Jewish-Syrian brutally beaten in Berlin as suspects hurled anti-Semitic remarks, punches

Jewish-Syrian brutally beaten in Berlin as suspects hurled anti-Semitic remarks, punches
A Jewish-Syrian has been brutally beaten by a mob of 10 in a Berlin park, leaving the victim, 25, with a head wound. German police confirm that the alleged attackers have been arrested and released, pending inquiries.

Police spokesperson Martin Halweg confirmed the assault, telling the media that the man was attacked after asking a group of people for a lighter in a central Berlin park just after midnight on Saturday.

“The question [for the lighter] led to a verbal argument between him and members of this group,” Halweg said. “One of his opponents then spotted that the 25-year-old was wearing a necklace with a Star of David on it; he ripped it off, made an anti-Semitic remark and punched the victim in the face multiple times.”

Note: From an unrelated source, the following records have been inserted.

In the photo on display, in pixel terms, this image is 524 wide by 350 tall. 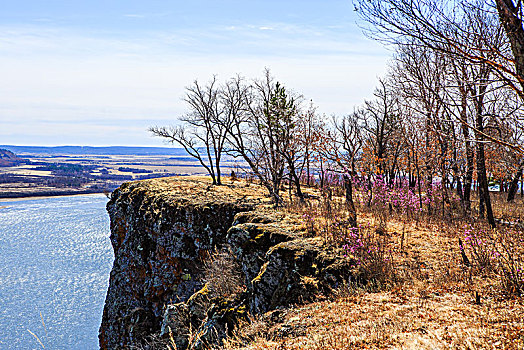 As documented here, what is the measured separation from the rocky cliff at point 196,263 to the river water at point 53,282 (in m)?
5.64

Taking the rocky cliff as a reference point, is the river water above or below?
Result: below

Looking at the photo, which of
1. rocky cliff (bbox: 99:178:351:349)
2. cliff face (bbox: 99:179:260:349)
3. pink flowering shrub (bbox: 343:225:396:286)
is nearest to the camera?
pink flowering shrub (bbox: 343:225:396:286)

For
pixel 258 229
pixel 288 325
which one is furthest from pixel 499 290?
pixel 258 229

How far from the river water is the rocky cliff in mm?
5643

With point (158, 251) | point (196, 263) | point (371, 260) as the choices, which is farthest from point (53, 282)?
point (371, 260)

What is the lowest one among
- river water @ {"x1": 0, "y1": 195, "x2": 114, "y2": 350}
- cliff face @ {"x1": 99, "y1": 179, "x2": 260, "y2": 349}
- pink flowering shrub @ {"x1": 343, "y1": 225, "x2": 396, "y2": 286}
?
river water @ {"x1": 0, "y1": 195, "x2": 114, "y2": 350}

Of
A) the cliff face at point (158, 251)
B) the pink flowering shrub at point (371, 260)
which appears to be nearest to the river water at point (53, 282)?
the cliff face at point (158, 251)

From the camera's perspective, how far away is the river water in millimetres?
30312

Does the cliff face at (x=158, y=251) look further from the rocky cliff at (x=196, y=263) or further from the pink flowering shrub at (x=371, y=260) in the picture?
the pink flowering shrub at (x=371, y=260)

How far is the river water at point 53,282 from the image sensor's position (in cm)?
3031

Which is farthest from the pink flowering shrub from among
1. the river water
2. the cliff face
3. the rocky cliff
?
the river water

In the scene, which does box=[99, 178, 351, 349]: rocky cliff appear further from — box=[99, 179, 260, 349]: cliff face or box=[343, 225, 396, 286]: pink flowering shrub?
box=[343, 225, 396, 286]: pink flowering shrub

Police said the Syrian-Jewish man attempted to flee, before collapsing due to his injuries. His attackers made chase and continued to punch and kick him while he was on the ground. “After the offence, the police force detained ten suspects nearby, three women and seven men,” Halweg said.

“All suspects were taken to the detention centre and were identified but were released later in the evening.”

According to the police report, cited by the local media, three women and seven men aged 15-21 — including six Syrians and three Germans — were detained in the park.

In June, a German court sentenced a 19-year-old Syrian migrant who carried out an anti-Semitic attack on a man wearing a Jewish cap to four weeks detention, after he used a belt to beat an Israeli wearing a kippa. He was convicted of assault and grievous bodily harm, with the court also ordering the convicted to visit a museum to learn about the history of anti-Semitism in Germany.

The head of Berlin’s Jewish community, Gideon Joffe, has previously described anti-Semitism as “increasing.”  He also said the situation was becoming “uncomfortable” in Berlin, but was “far removed” from other countries like France and Belgium, where anti-Semitism was more prevalent.

To deal with the recent surge of racial violence, Germany assigned a new government position to tackle the issue. Anti-Semitism Commissioner Felix Klein took up his post in May.